Flying Cash Spotted
There was a time when all you needed to enjoy yourself in Las Vegas was gambling money. Heck, I can remember when I could order a mixed drink and not do a Danny Thomas-style “spit-take” when I got the bill.
Somewhere along the way, it became fashionable to show everyone how much money you had, so we started to see “ultra lounges.” This is the same as a regular lounge, except that you get to pay hundreds of dollars for a $30 bottle of booze.
People fork this money over without blinking an eye. It’s the same compulsion that leads one to buy a luxury Humvee. Why do you pay the equivalent of some mortgages for a car that looks like a tool shed on wheels? Is it because you’re worried about all the landmines on I-15? Or is it because you want people to know you have enough money to buy it?
Ultra lounges are the same way.

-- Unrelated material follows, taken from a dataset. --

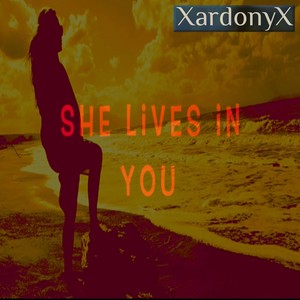 She Lives in You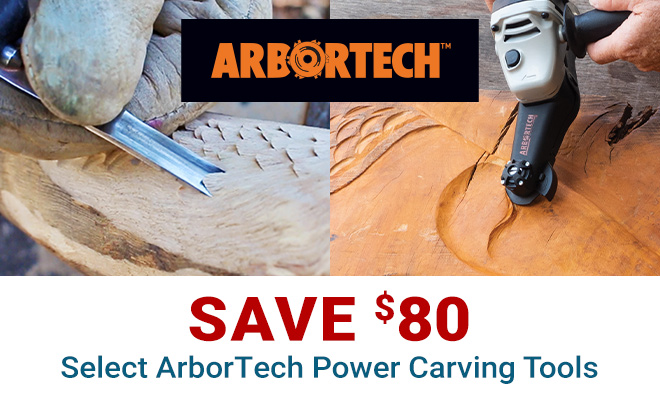 Save $80 on Select ArborTech cutting tools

People think nothing of tipping a doorman hundreds, even a thousand bucks. (Pretty soon, people are going to start dropping out of Harvard to become bouncers at Pure.) Greg Jones, one of our editors, complained at our blog site recently (Yes, we have a blog-are we hip, or what?) that bottle and drink prices that would be laughable anywhere outside of an ultra lounge are nonchalantly peeled off wads of bills in these joints. On top of that, people from the guy who brings the ice to the guy who cleans up binge-induced messes have their hands out for tips.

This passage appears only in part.